Wednesday, April 23, 2014

Nature vs Nature

We care for some feral cats who live on the deck in the cat house I built them a few years ago.  Well, it's springtime, which means the birds are nesting and baby birds are being hunted by the fearsome predators that are Simba and Mama Cat.  Every few days, we'll find a sad little baby bird skeleton outside the door, where they've brought it as a thank you gift to us.  Sometimes Simba eats it whole, and then he throws up the bones.  It's really gross.

Today Simba caught a baby squirrel.  The birds I can handle.  I don't like it, but it's nature, and I get it.  But the squirrels, I don't like.  To start with, we had a bit of a blight in the trees several years ago and all the squirrels were killed.  They're just starting to come back.  I'm a supporter of any squirrel living a long and procreative life.

Second, these guys look so damn cute.  Baby birds are cute, too, but in a sort of empty way.  They don't look like little mammals.  I don't feel as much of a connection to them.

I wasn't even that upset about the squirrel at first.  Jonathan was more upset than me when he saw Simba walking over with it in his mouth, still alive.  He made Simba drop it, and took the squirrel on a shovel into the woods where he placed it lovingly in the nook of a tree.  He said the little guy looked ok, he didn't see blood, he was just scared.

Two hours later, Simba's back with the squirrel again, probably thinking that this is a giant game we're playing, and he's ready to continue to the next round.  This time the Mama Squirrel was leaping around in the trees, making hissing noises at the cats, yelling and crying down, and the whole thing was just too pathetic.

Jonathan took the little guy to a protected place next to the house, where he had been doing construction and there were bits of wood around, and piled bricks around him in a way that he thought would be small enough so that the squirrel could get out if he needed to, but the cats couldn't get in.  We called up to the Mama Squirrel that we were trying to help, and we showed her how to get to her little baby.  She looked at us, and I think she understood that we were trying to help.  But she still just kept crying and leaping around from branch to branch.  My heart broke for her.  As a mother, I couldn't imagine how much every instinct was pushing her to try to save her baby.  I looked her baby in the eye and I told him that we were doing our best for him, and I sang him a song.  He closed his eyes and his breathing deepened.

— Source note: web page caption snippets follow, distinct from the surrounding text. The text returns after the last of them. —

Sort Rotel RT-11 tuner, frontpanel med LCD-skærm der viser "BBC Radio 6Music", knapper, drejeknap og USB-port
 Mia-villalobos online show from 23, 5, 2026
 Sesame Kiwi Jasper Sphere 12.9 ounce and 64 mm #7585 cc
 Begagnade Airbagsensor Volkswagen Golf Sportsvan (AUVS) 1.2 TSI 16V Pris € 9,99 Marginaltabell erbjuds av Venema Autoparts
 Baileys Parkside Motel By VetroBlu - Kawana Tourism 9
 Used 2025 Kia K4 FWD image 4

We had to go get my mom from the airport, and when we came back the squirrel was on the deck, lifeless.  The cats had fished him out.  I was instantly angry at Simba, and wanted to ban him from the deck.

But I know it was just his own instincts, and I can't blame him for acting according to his nature.  It's just tough, having heard that poor mama freaking out.  We couldn't have brought him in the house with our other cats.  If he stood little chance outside, he stood no chance in the house.  I wish we could have done something more to try to save the little guy, but then we'd be getting in the way of nature doing what nature has to do.  It's hard to watch, though.